Pop music in an age of austerity

Getting ready for next week's Budget? All set to see what that evil, pursed-lipped fuckpig Osborne can throw at the already marginalised next? Feel like starting some fires? Then why not listen to Autumns?

Autumns is, as far as I can make out, one person called Christian Donaghey from Derry, and he makes a sort of claustrophobic pop music that sounds like a thousand frustrated screams condensed into two and a half minutes. It's heavy on the reverb, and sounds like it was played on a guitar bought from Woolworths in 1978, and recorded in the bath.

There are four tracks on the Autumns soundcloud. 'Tired Eye' rattles and rolls and sounds like Eddie Cochrane playing in a cave. 'I Will Not Go' has a bastardised 'Be My Baby' drum line, and amateur Duane Eddy guitar riff... it's generally pretty thrilling. 'Who Would Have Thought' starts like a Joy Division number and never really breaks out the laffs, but is deeply enjoyable all the same, with Donaghey mumbling away in the background like some bitter old crooner...  I suspect he's a mere strip of lad, mind. 'Keep on Sinking' sounds like the music that should be on all ghost train rides if these seaside types are serious about making them scary.

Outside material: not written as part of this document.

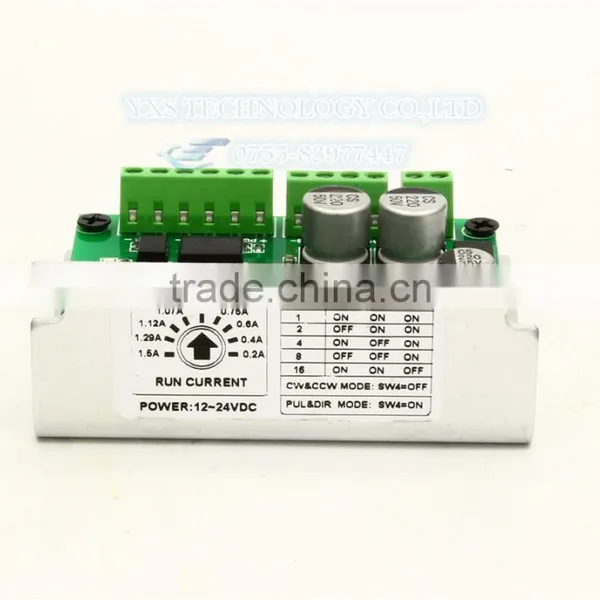 20 28 35 36 39 42 57mm Stepper Motor Driver 1.5A DC12-24V photo-2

Take all of this and then listen to it whilst you're looking at a photo of George Osborne. I can't be held responsible for your actions.

Cave Ghosts, meanwhile, seem a happier, more fluffy prospect - but no less delicious. From Dublin, they sound "like cats singing sea shanties", and, forgive me, but I'm trying hard to see how that can be a bad thing.

The band has some music available here, and it's all Very Nice Indeed. In many way Cave Ghosts remind me of Slow Down Tallahassee, with their "aahh, ahhhs", "oooh, ooohs" and general ability to, y'know, write deadly addictive pop songs. 'Hideaway' is such a thing, and purrs hither and thither with its jaunty keys and crystal clear vocal.  Meanwhile, 'La Concha' nearly gets funky before simmering down into something the dearly-departed Orca Team would be proud of. Last up is 'When You Go Away', a sun-drenched uk*lele number which begs to be played on a beach whilst a monkey waiter rubs suntan lotion into your back, and you're served pints of lager by your favourite football player. It's all very dreamy.

Two very different new musical delights, then, but both of them drag you out of this world of piss and shit, and into a much, much nicer place. If Autumns make you want to go out and kick a car, then Cave Ghosts are there to put a plaster on your toe afterwards. Bless them both.